Battle of Anchialus

Battle of Anchialus, Map by Todor Bozhinov

Battle of Anchialus (917)

Conflict: Byzantine-Bulgar wars
Date: August 20, 917
Place: Anchialus
Outcome: Bulgar victory
Combatants
Byzantine Empire Bulgaria
Commanders
Leo Phocas Simeon the Great
Strength
c.110,000 70,000
Casualties
70,000 Unknown

The Battle of Anchialus (Anchialos) refers to three battles between Bulgaria and the Byzantine Empire.

The first battle took place in 708. Bulgarian Khan Tervel routed the force of Byzantine emperor Justinian II and reaffirmed his right to the region of Zagora in present-day south-east Bulgaria.

In the second battle, in 763, Byzantine emperor Constantine V with 9000 cavalry defeated the Bulgarians under Telets. Telets was assassinated after the defeat.


The third and most important battle took place on August 20, 917, on the Black Sea coast near the Bulgarian fortress of the same name.

In 914 the Bulgarians had captured Adrianople, while the Byzantine army was occupied in the east. In 917, the empire had stabilized its eastern borders, and the generals John Bogas and Leo Phocas were able to gather additional troops from Asia Minor, perhaps as many as 110,000. Romanus Lecapenus commanded the fleet at the mouth of the Danube. The Bulgarians, under Simeon the Great, had an army of only 70,000 men. The Bulgarians were afraid that the old allies of the Byzantines, the Pechenegs and the Hungarians, would attack them from the north, so two small Bulgarian armies were sent to protect the northern borders of the vast Bulgarian empire that spread from Bosnia in the west to Moldova in the east. John indeed tried to pay the Pechenegs to attack, but Romanus would not agree to transport them across the Danube, and instead they attacked Bulgarian territory on their own.

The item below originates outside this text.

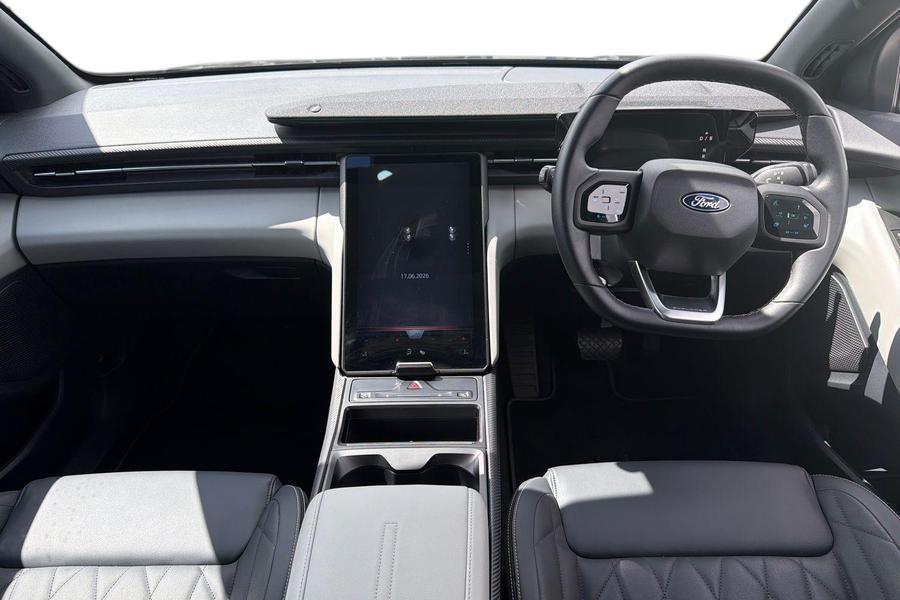 Ford Explorer Photo autoimg-c056f72a2a69963100ba52ae9e11b39f770cada0.jpg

The battle was fought furiously. The decisive moment came when a cavalry corps of Bulgarians, led by Simeon himself, attacked the Byzantine left wing from behind the hills. It is estimated that approximately 70,000 Byzantine soldiers died in this battle. The Byzantine historian Paulus Deakon says that 75 years after this military catastrophy the field at Anchialus was still covered with tens of thousands of Roman skeletons.

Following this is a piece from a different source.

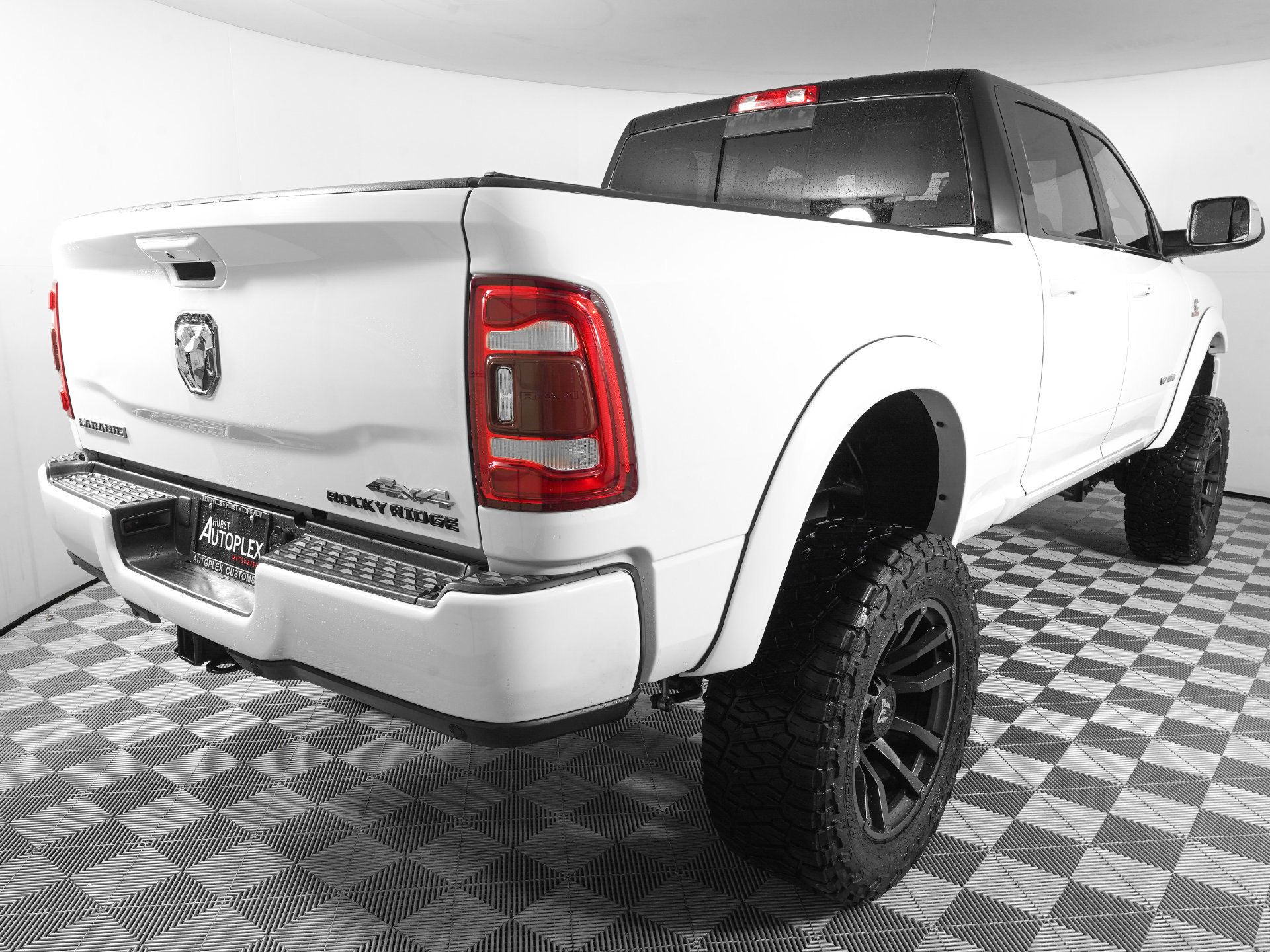 Used 2022 RAM 2500 Laramie AWD/4WD image 5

The remainder of the Byzantine army fled all the way back to Constantinople, followed by the Bulgarians, who defeated John again outside the city. The Byzantines proposed a new peace treaty, and Simeon entered the imperial city and was crowned for a second time as "Tsar" (the Slavonic title for "Caesar") "of all Bulgarians and Greeks". Simeon also demanded that his daughter marry Constantine, the son of empress Zoe Karvounopsina, but Zoe refused and allied with Serbia and Hungary against him. However in August of 918, the general Romanus engineered a coup to depose Zoe and confine her to the monastery of St Euphemia-in-Petrium, allowing him to assume the purple.